ARM把新的64位指令集叫做A64，运行在AArch64状态。原来的指令集叫做A32和T32，这两种指令集运行在AArch32状态，和ARMv7兼容。

ARMv8架构也包含一些32位指令集增强，使用这些特性，将和旧的ARMv7实现不兼容。

更多详细的A64汇编语言描述可参考ARM Compiler armasm Reference Guid v6.01

The ARMv8 instruction sets

A64指令集和A32指令集相似，指令是32位宽度，语法也相似。

A64指令集有一些优化：

A consistent encoding scheme

Wide range of constants

Data types are easier

Long offsets

64 bits Pointers

Conditional constructs are used instead of IT blocks

Shift and rotate behavior is more intuitive

Code generation

Fixed-length instructions

Three operands map better

寻址优化

Exclusive accesses

Increased PC-relative offset addressing

Unaligned address support

Bulk transfers

Load/Store

Alignment checking

The A64 instruction set

6.1 Instruction mnemonics 指令助记符

根据不同的操作数寄存器名字来区分，如

ADD W0, W1, W2

ADD X0, X1, X2

6.2 Data processing instructions

数据处理指令基本上使用一个目标寄存器和两个操作数。通常的形式：

Instruction Rd, Rn, Operand2

第二个操作数可以为register，modified register或者一个立即数，寄存器可以为X寄存器或者W寄存器。

数据处理指令包括

Arithmetic and logical operations 算术和逻辑运算

Move and shift operations 移动和移位运算

Instruction for sign and zero extension 符号扩展和0扩展

Bit and bitfield manipulation 位和位域管理

Conditional comparison and data processing 条件比较和数据处理

6.2.1 Arithmetic and logical operations

Arithmetic

ADD, SUB, ADC, SBC, NEG

Logic

AND, BIC, ORR, ORN, EOR, EON

Comparision

CMP, CMN, TST

Move

MOV, MVN

一些指令有S后缀，意味着这些指令设置标志位。
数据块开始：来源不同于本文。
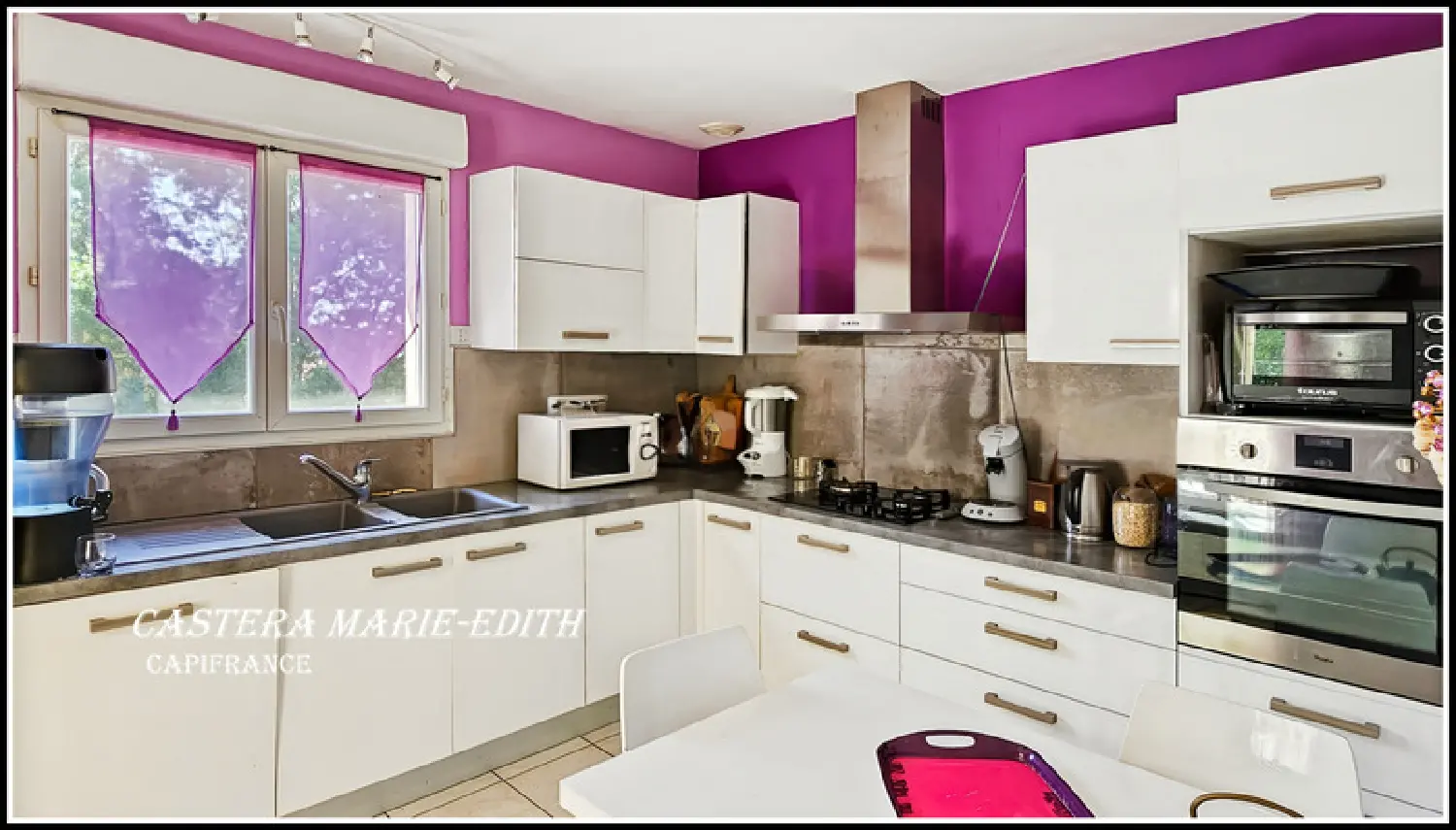  à vendre maison Auch Gers 3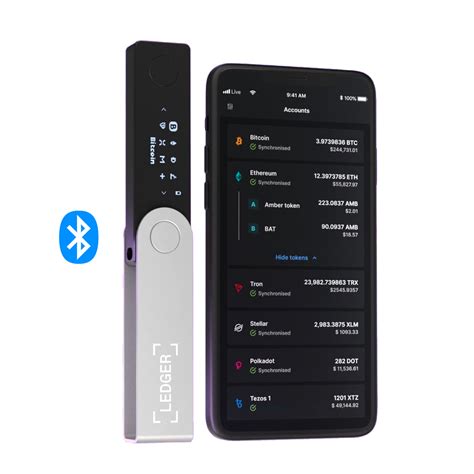 Trezor for Android 的图像结果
ADC和SBC考虑carry condition flag。

6.2.2 Multiply and divide instruction

MADD, MNEG, MSUB, MUL, SMADDL, SMNEGL, SMSUBL ...

SDIV UDIV

6.2.3 Shift operations

Logical Shift Left (LSL)

Logical Shift Right (LSR)

Arithmetic Shift Right (ASR)

Rotate right (ROR)

6.2.4 Bitfield and byte manipulation instructions

符号扩展SXTB,SXTH,SXTW, 无符号扩展UXTB, UXTH

Bit Field Insert (BFI), signed and unsigned Bit Field Extract (S/U)BFX

BFXIL/UBFIZ/SBFIZ

其他的位维护指令，类似ARMv7架构

CLZ

RBIT

REV

REV16

REV32

6.2.5 Conditional instructions

CMP指令，N,Z,C,V标志

条件选择指令

CSEL w1, w1, w2, EQ

CINC X0, X0, LS 如果小于，则X0=X0+1

条件设置

CSET W0, EQ

相等设置为1，不等设置为0

6.3 Memory access instructions

和之前的所有ARM处理器一样，ARMv8架构是一个Load/Store架构。这意味着所有的数据处理指令不能直接访问内存。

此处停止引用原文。